How far would a good walk for exercise be for an average Hav? Cooper is 15 mos, close to 12 lbs. We've started walking daily, strictly for exercise and would like to go far enough for that, we're just not sure how far that is.
Beverly


----------



## Tom King (Aug 2, 2006)

It varies with the dog. Our house is a mile from the main highway so it's 2 miles there and back. For Posh it's just a warmup. For some others it's all they want to do. I wouldn't walk one a lot until their growth plates close. I'm not sure whether it would cause any problems or not, I'm just using our Razzle as an example. Until her growth plates closed she walked completely differently than she does now at 14 months.


----------



## Missy (Nov 6, 2006)

Tom, Posh is just the handomist boy. I love he photo of him strutting his stuff.


----------



## Havtahava (Aug 20, 2006)

Tom, did you remove a photo? I see Missy's comment, but no Posh...


----------



## Missy (Nov 6, 2006)

I saw posh in one of my gallery hunts


----------



## Havtahava (Aug 20, 2006)

Ah, thank you, Missy! Between your comment and Tom's edited response, I thought Posh had been posted in his reply and then edited.

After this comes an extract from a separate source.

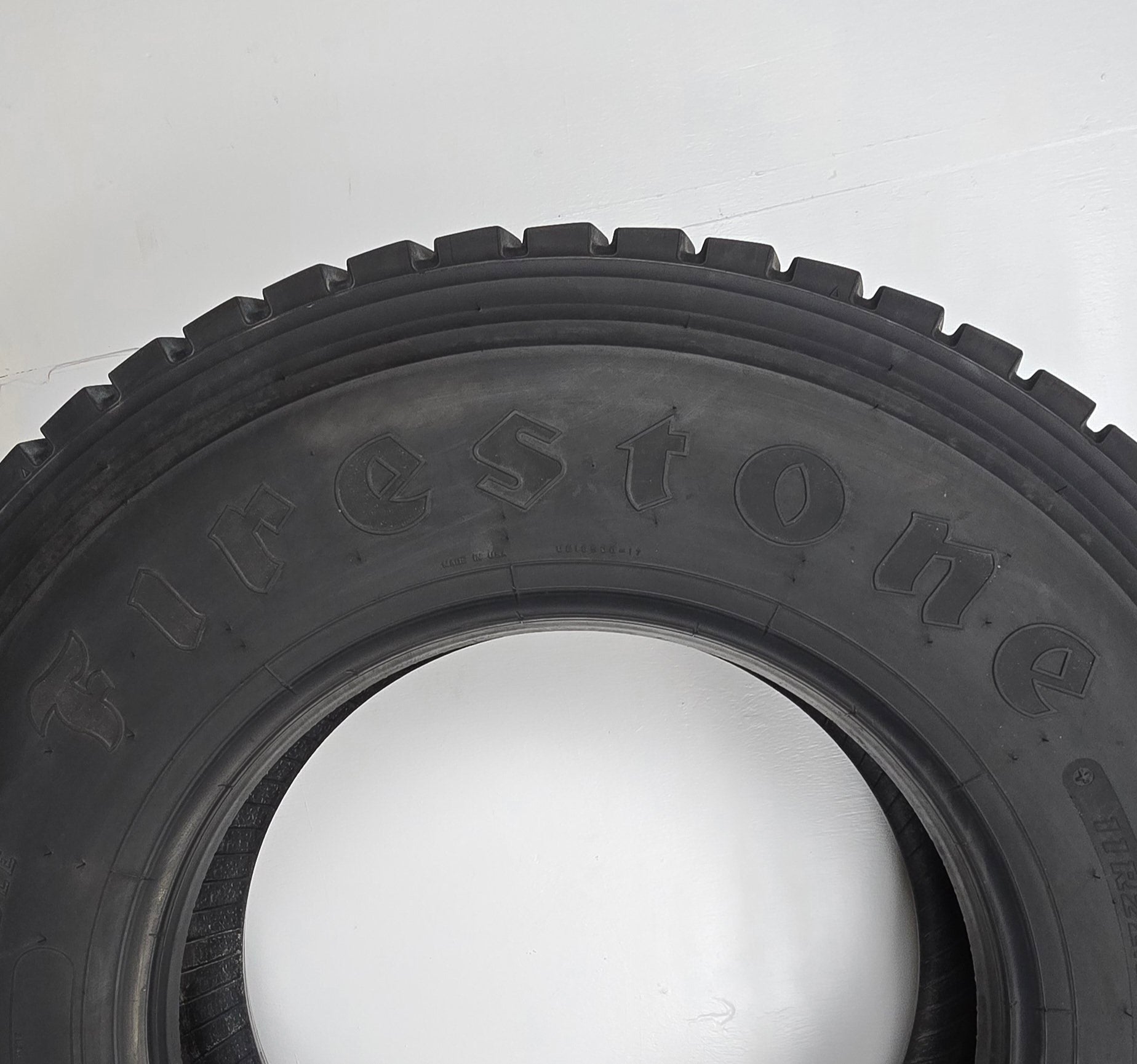 11R22.5 Firestone FD663 New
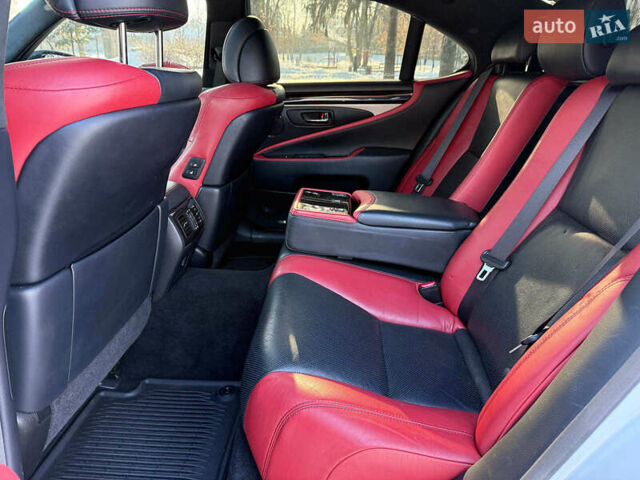 Білий Лексус ЛС, об'ємом двигуна 4.6 л та пробігом 72 тис. км за 25940 $, фото 28 на Automoto.ua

I just went through the gallery and found him. I didn't realize Posh had white feet! Cute!

This is Tom & Pam's Posh (linked from the photo gallery): 









With a gait like that, he does look like he could go for quite a while.


----------



## BeverlyA (Oct 29, 2006)

Thank you Tom, that will give us a good starting point.
Posh is beautiful! What a handsome gait he has too!

Beverly


----------